- **What this task involves**
Keep the pictures out. Copy every line of the listing exactly.

- **Given data**
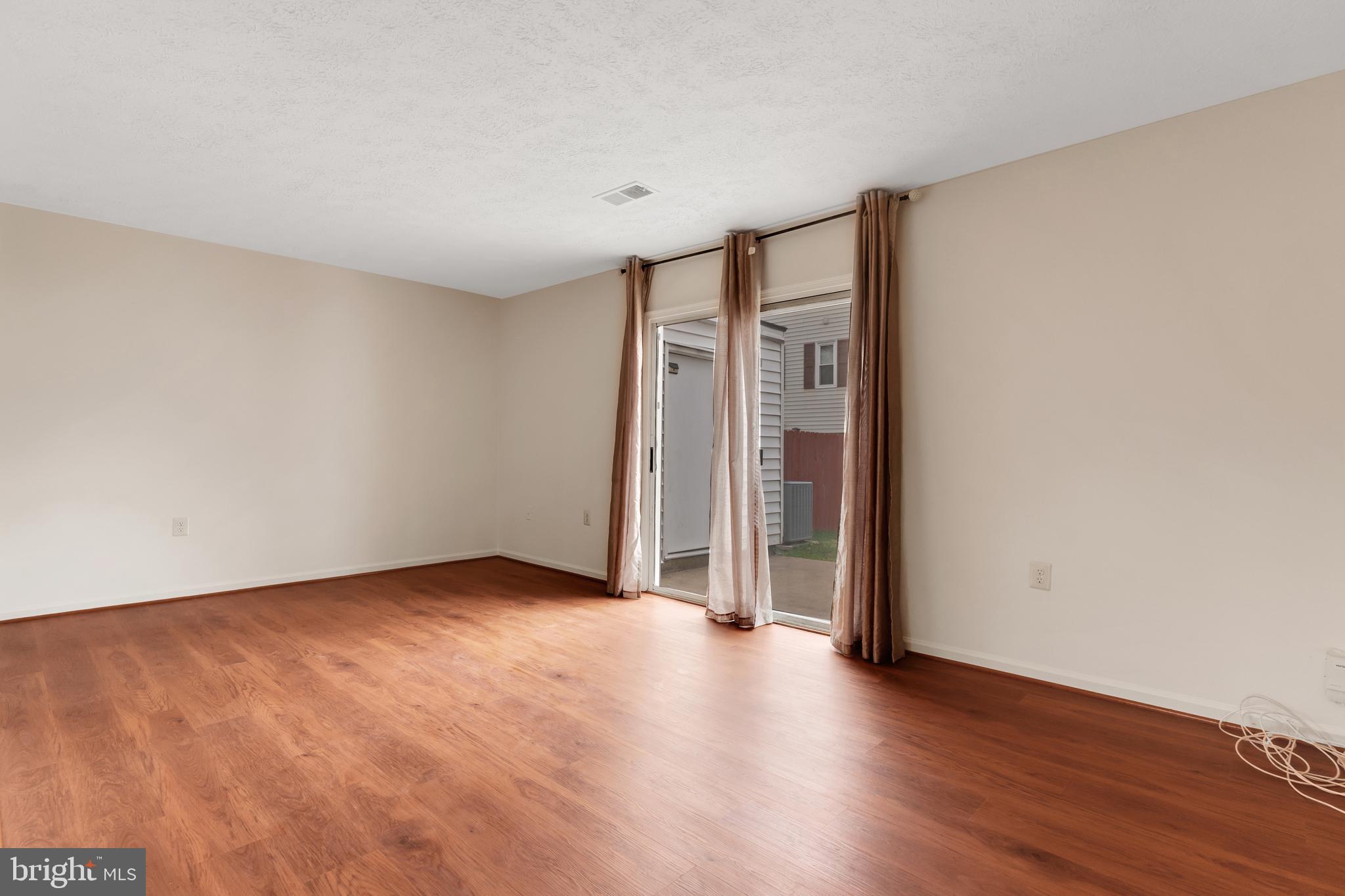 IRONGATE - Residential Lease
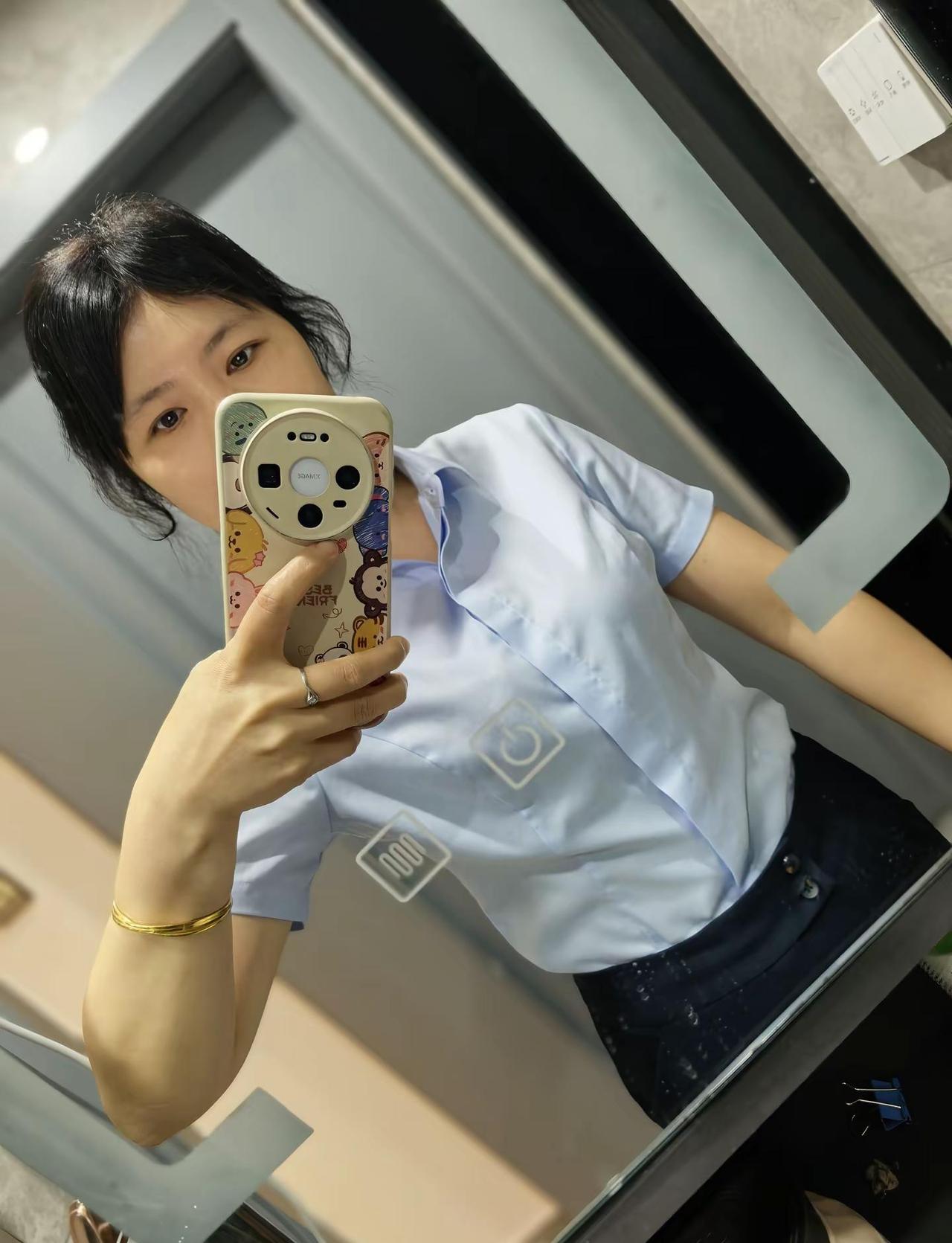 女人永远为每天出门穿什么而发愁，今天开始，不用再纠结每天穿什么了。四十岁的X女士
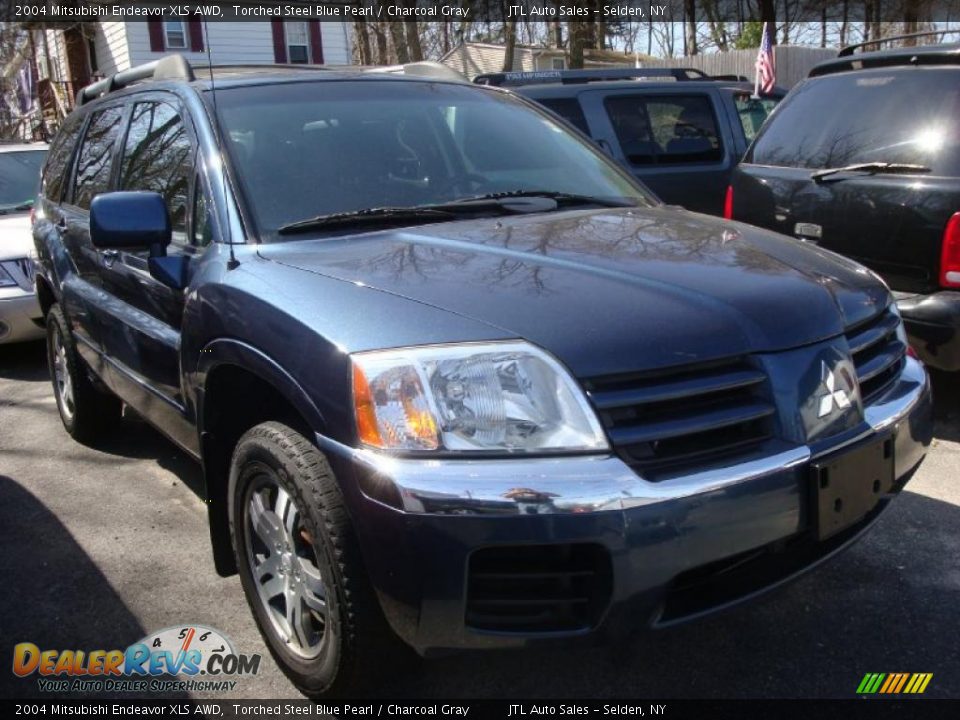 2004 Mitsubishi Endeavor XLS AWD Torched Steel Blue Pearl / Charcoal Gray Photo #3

- **Task result**
 IRONGATE - Residential Lease
 女人永远为每天出门穿什么而发愁，今天开始，不用再纠结每天穿什么了。四十岁的X女士
 2004 Mitsubishi Endeavor XLS AWD Torched Steel Blue Pearl / Charcoal Gray Photo #3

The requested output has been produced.